> [AIM OF THE EXERCISE]
Retype exactly what appears below from the line containing "New 3.2V 250Ah" down to the line containing "Real Mushrooms Organic", keeping both end lines. Do not include pictures.

> [RECORDS SUPPLIED]
§

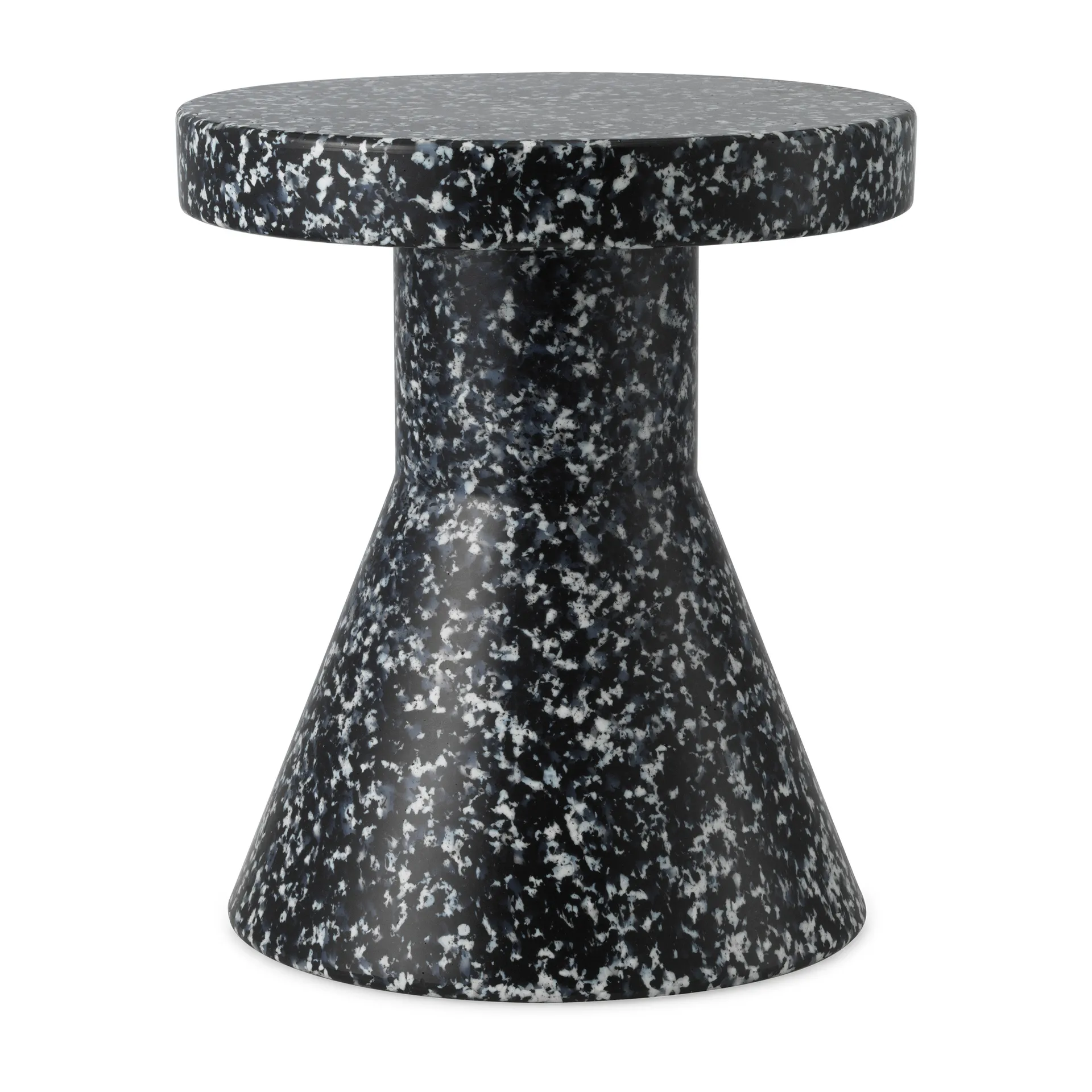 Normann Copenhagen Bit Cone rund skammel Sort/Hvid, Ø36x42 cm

§

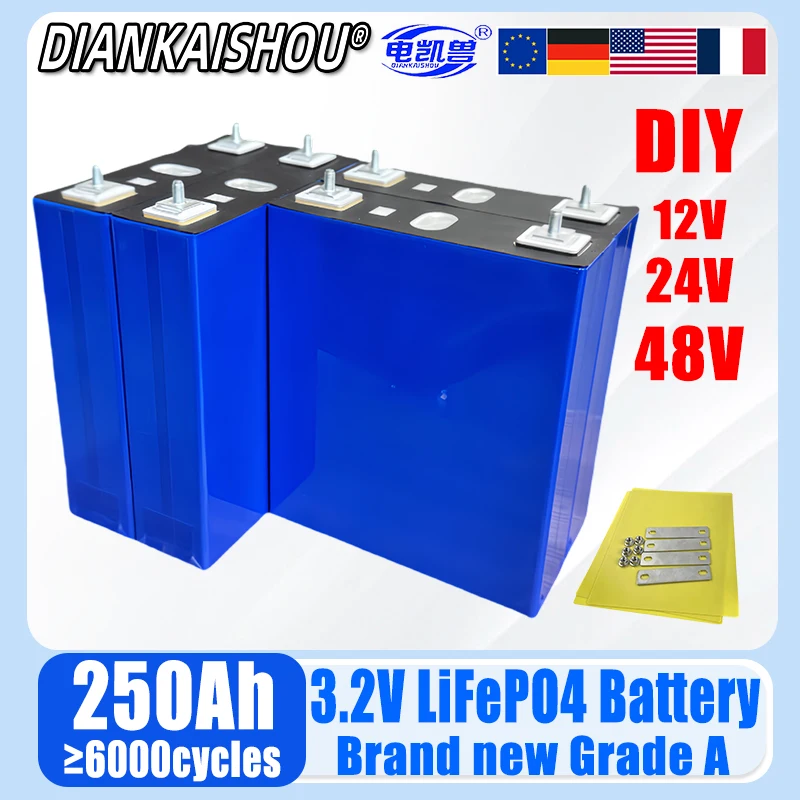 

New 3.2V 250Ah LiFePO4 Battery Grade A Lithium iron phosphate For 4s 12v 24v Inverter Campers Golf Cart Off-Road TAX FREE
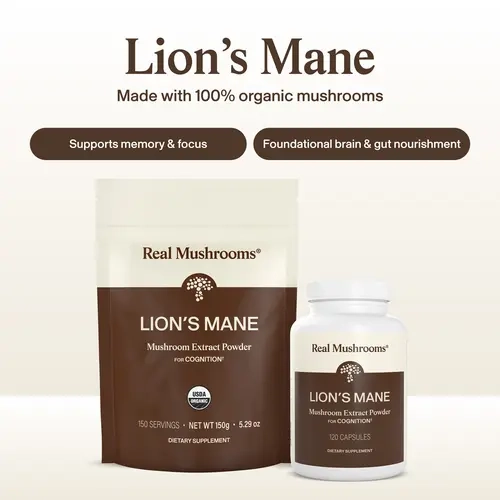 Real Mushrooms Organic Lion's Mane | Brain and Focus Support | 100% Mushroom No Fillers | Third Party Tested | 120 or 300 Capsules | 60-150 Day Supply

§

> [EXPECTED OUTPUT]
New 3.2V 250Ah LiFePO4 Battery Grade A Lithium iron phosphate For 4s 12v 24v Inverter Campers Golf Cart Off-Road TAX FREE
 Real Mushrooms Organic Lion's Mane | Brain and Focus Support | 100% Mushroom No Fillers | Third Party Tested | 120 or 300 Capsules | 60-150 Day Supply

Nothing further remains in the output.